Top women’s university basketball teams battle for national title at UVic
Host Vikes face top-ranked Carleton in last of four quarter-final games today
The name Carleton Ravens needs little introduction to Canadian basketball fans. But that’s the dynastic men’s version. Now, the women look to stake their claim, as the top-ranked Ravens meet the host University of Victoria Vikes in the last quarter-final tonight at 8 of the U Sports national championship taking place in CARSA gym.
“We see all the [Ravens] men’s banners hanging in the gym . . . we want our own banners,” said Carleton post-player Heather Lindsay, named U Sports female athlete of the week, for her two double-doubles in leading the Ravens to their first-ever Ontario championship last weekend.
The male hoops Ravens have won six consecutive national titles and 12 in the last 14 years to crush into the hardwood the seven consecutive championships in the 1980s and eight total won by UVic. The women’s Ravens, meanwhile, have never won a game in the national championships in two previous appearances. But now they enter as the team to beat.
And if the eighth-seed Vikes think the home crowd tonight might tip the balance in their favour, they may have another thing coming. Carleton, which is from Ottawa, beat host Queen’s 49-41 in the Ontario final last weekend before nearly 2,000 Gaels fans in Kingston.
“We got energized, as well, and used the opposition crowd to our benefit,” said Lindsay.
“It was hostile and hectic in that gym but we sent those [Gaels] fans home disappointed,” added Ravens coach Taffe Charles, the all-time third-leading scorer in Carleton men’s hoops history, and now in his 10th season of coaching the women’s Ravens.
“We want to do that again [tonight on Ken and Kathy Shields Court].”
The Vikes, however, envision the night turning out differently.
“It is going to be an electric atmosphere and we hope to play off that,” said UVic’s star fifthyear forward Jenna Bugiardini.
“[The Ravens] are a big team that packs the paint, so the rebounding battle is going to be critical.”
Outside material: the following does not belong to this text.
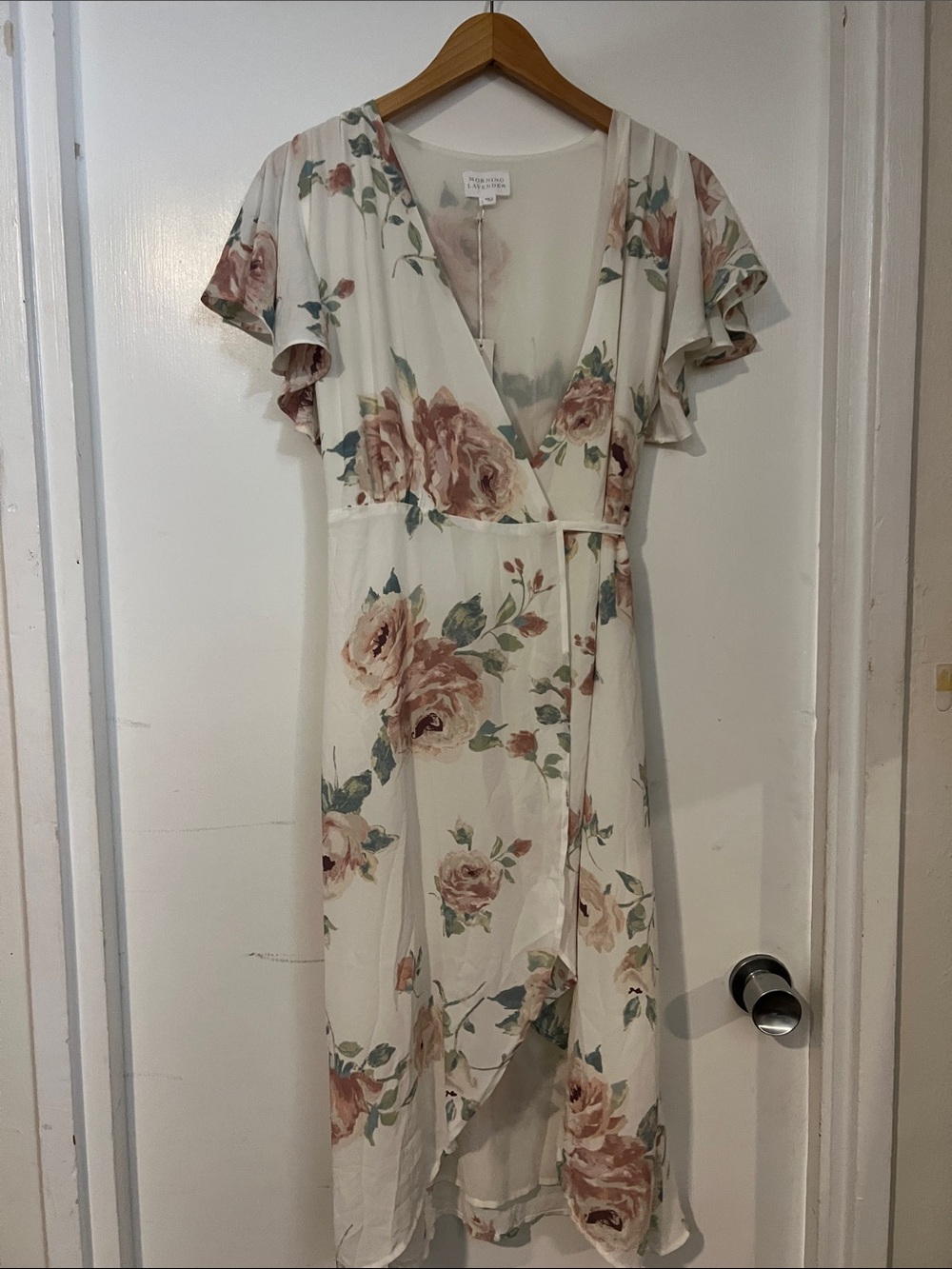Morning Lavender Cream WrapMidi Dress with Blush Rose Print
Carleton has won 20 consecutive games, while UVic is in only as host after being eliminated in the Canada West quarter-finals. The Vikes were a combined 15-10 in the conference regular season and playoffs.
“We feel we belong and we have a bit of a chip on our shoulders,” said Vikes coach Dani Sinclair.
“We believe in ourselves and we want to show that to the rest of the country.”
UVic third-year shooting guard Amira Giannattasio played on rep teams in Hamilton, Ont., with three of the Ravens players under coach Richard Nurse, whose daughter Kia Nurse, came out of that group to become an NCAA star and Olympian last year in Rio. The senior Bugiardini is also from Hamilton.
“Hamilton has turned into a hotbed,” said Giannattasio.
Tonight the five Hamiltonians meet on Giannattasio’s and Bugiardini’s adopted CARSA home court. But there will be no pleasantries between the Hamilton homeys, at least not until after the Vikes-Ravens national quarter-final.
“The crowd support is going to be huge for us and it’s important for us to put on a good show,” Giannattasio said.
There are three Canada West teams in the tournament and they are the only ones of the eight competing from across the country to have won the Canadian championship. UVic has done it a record nine times, eight times under coach Kathy Shields, including the last time in 2003 when Sinclair was a Vikes player.
Canadian Rio Olympic team head coach Lisa Thomaidis guided Saskatchewan to its first women’s national basketball title last year, so Thomaidis’ Huskies come into CARSA today as the defending champions and a team to be watched. The Regina Cougars were the champions in 2001.
The action begins at noon today when Ontario runner-up and nationally third-ranked Queen’s opens the U Sports tournament against the Atlantic-champion and sixth-seed Cape Breton Capers. The Canada West champion Huskies are the second seed and play the seventh-seed wild-card entry Laval Rouge et Or in the 2 p.m. quarter-final. The Quebec champion McGill Martlets, ranked fourth, meet Canada West runner-up and wildcard fifth-seed Regina at 6 p.m.
The consolation side plays Friday. The semifinals are Saturday at 2 p.m. and 4 p.m. The bronze-medal game is Sunday at 10 a.m. and the championship game at 1 p.m. The semifinals and final are nationally broadcast on Sportsnet 360.